Dossier: 97-2195-GST-I

ENTRE :

PEMBINA FINANCE (ALTA) LTD.,

appelante,

et

SA MAJESTÉ LA REINE,

intimée.

Avocat de l'appelante : Me Horst G. Wolff

Avocate de l'intimée : Me Margaret McCabe

Motifs du jugement

(Rendus oralement à l'audience à Edmonton (Alberta) le 23 octobre 1998.)

Le juge Bowie, C.C.I.

[1] L'appel en l'instance est interjeté à l'encontre d'une cotisation établie par le ministre du Revenu national en vertu des dispositions relatives à la taxe sur les produits et services (TPS) prévues à la partie IX de la Loi sur la taxe d'accise (la Loi). La cotisation couvre la période du 1er juillet 1991 au 31 décembre 1995. En résumé, l'appelante a été tenue responsable du paiement de 134 473,66 $, répartis de la façon suivante :

Rajustements de TPS 68 541,48 $

Rajustements des crédits de taxe sur les intrants 25 496,45 $

Pénalité 19 962,23 $

Intérêt 20 473,50 $

Total 134 473,66 $

[2] La cotisation en l'instance a été établie par suite d'une vérification effectuée par M. Robert DeGagne, du bureau de Revenu Canada à Edmonton, entre le mois de juin 1995 et le mois de juin 1996. M. DeGagne a témoigné et il m'a donné l'impression d'être un vérificateur minutieux et consciencieux dont le témoignage était fiable. Je suis certain que la vérification s'est révélée une tâche difficile pour lui pour un certain nombre de raisons, dont l'une, et non la moindre, est l'état des livres et des registres de la compagnie appelante.
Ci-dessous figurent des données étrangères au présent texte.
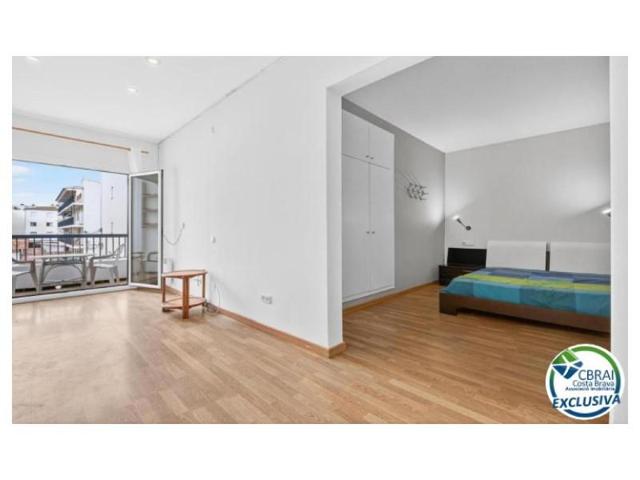 Piso en venta en Empuriabrava photo 0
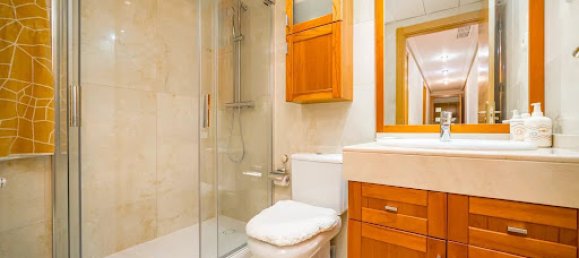 2 bedrooms Apartment in Madrid, Spain No. 181003 8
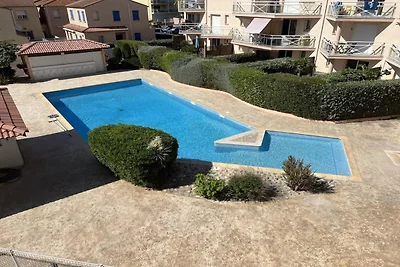 Huis aan het strand met zwembad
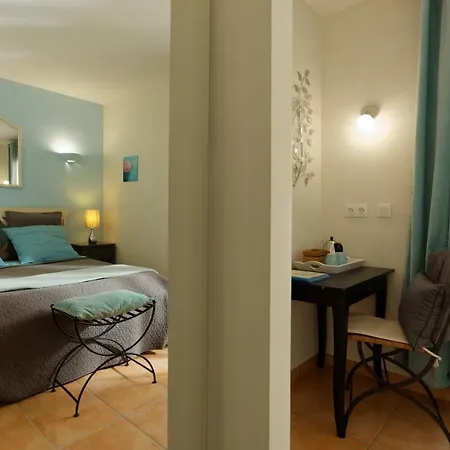 Des Cammaous 3* Vacquières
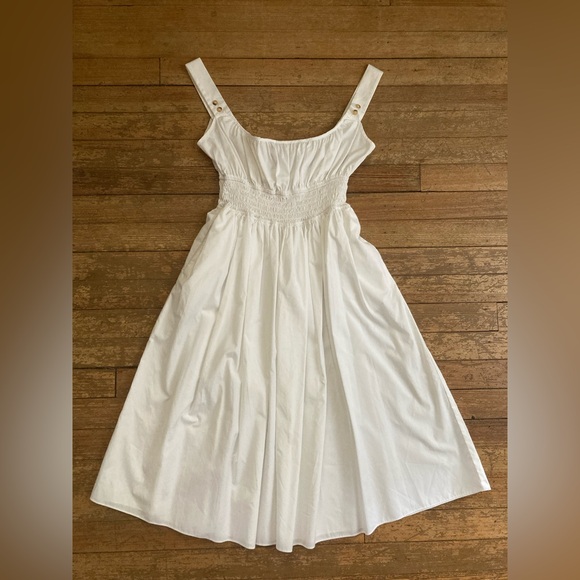 Ciao Lucia Lara Dress in White Cotton - Picture 4 of 9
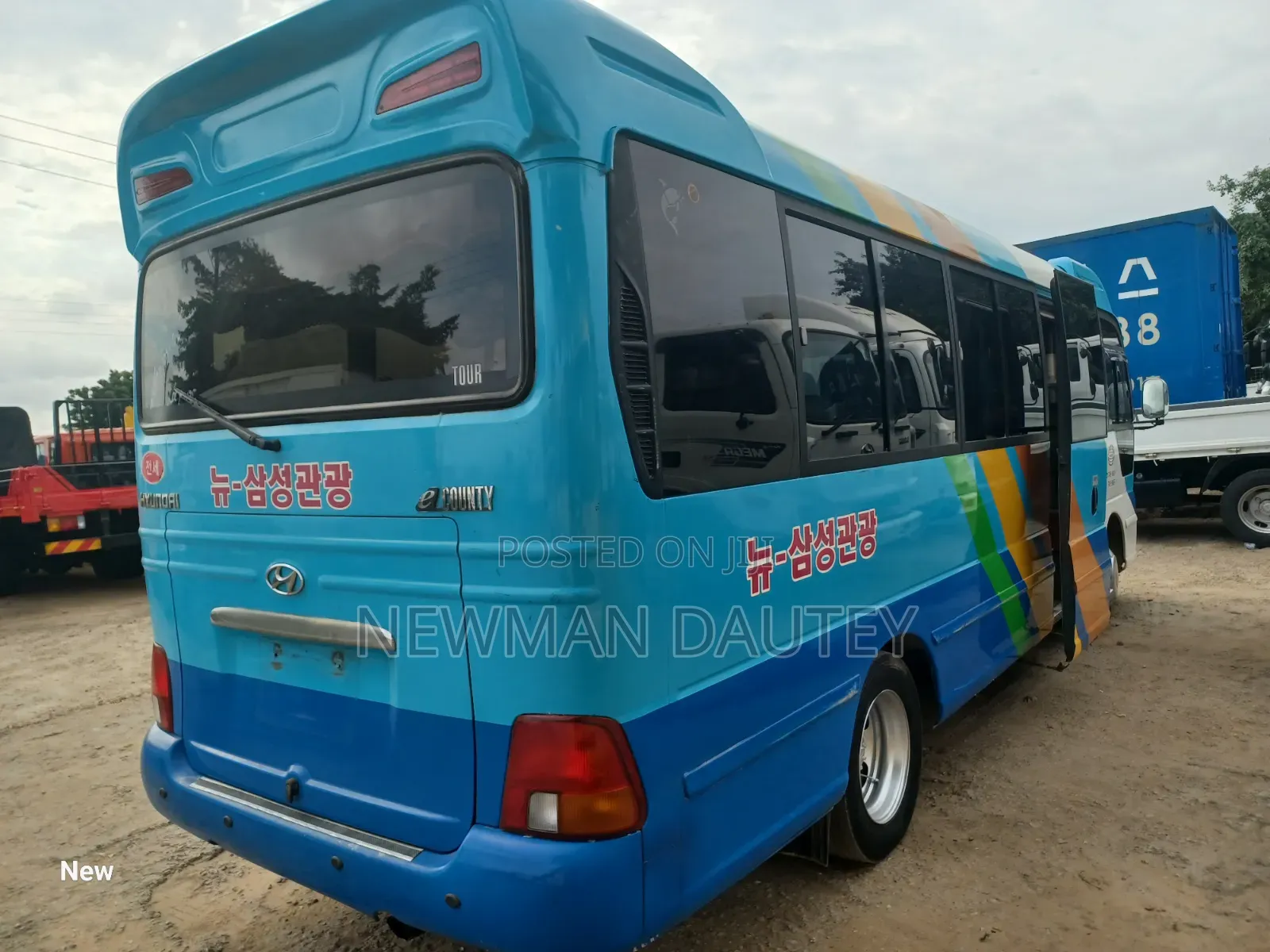 Hyundai County 2015 Blue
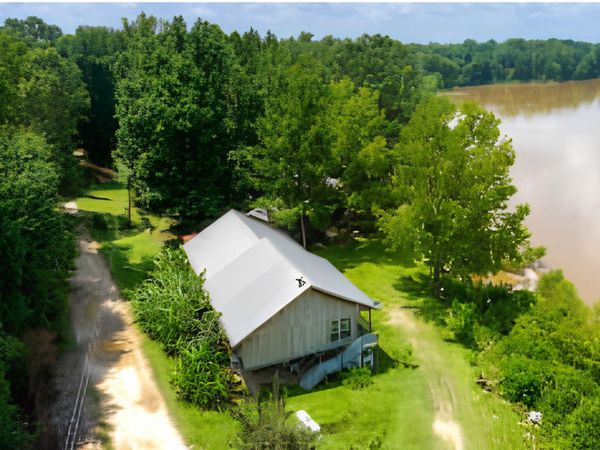 84 Oatis Camp Ln., Columbia, MS 39429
M. DeGagne n'a pu obtenir ces livres et ces registres que plusieurs mois après avoir fait une première demande et, lorsqu'il les a obtenus, il ressort clairement de la preuve également qu'ils n'avaient pas été bien tenus.

[3] La compagnie appelante exploite une entreprise de location de grues avec grutier à Edmonton (Alberta) et dans les environs. L'actionnaire principal ou unique est M. James Millar. La compagnie achète et rénove aussi des grues pour les revendre, elle les répare et, dans une certaine mesure, elle remet en état de vieux véhicules à moteur pour les revendre. M. Millar a témoigné pour l'appelante. Il ne m'a pas paru particulièrement sincère comme témoin. Mis à part l'intérêt évident que présente pour lui le résultat de l'appel en l'instance, il était parfois évasif lors du contre-interrogatoire et un bon nombre de ses réponses étaient à la fois intéressées et peu plausibles. Son témoignage sur les opérations effectuées par la compagnie n'est à mon avis pas fiable, plus particulièrement lorsqu'il est en conflit avec la preuve documentaire portant sur ces opérations. Il ne faut pas oublier non plus qu'un bon nombre d'opérations ont été effectuées il y a quelques années, et il est probable que les documents sont plus exacts que sa mémoire.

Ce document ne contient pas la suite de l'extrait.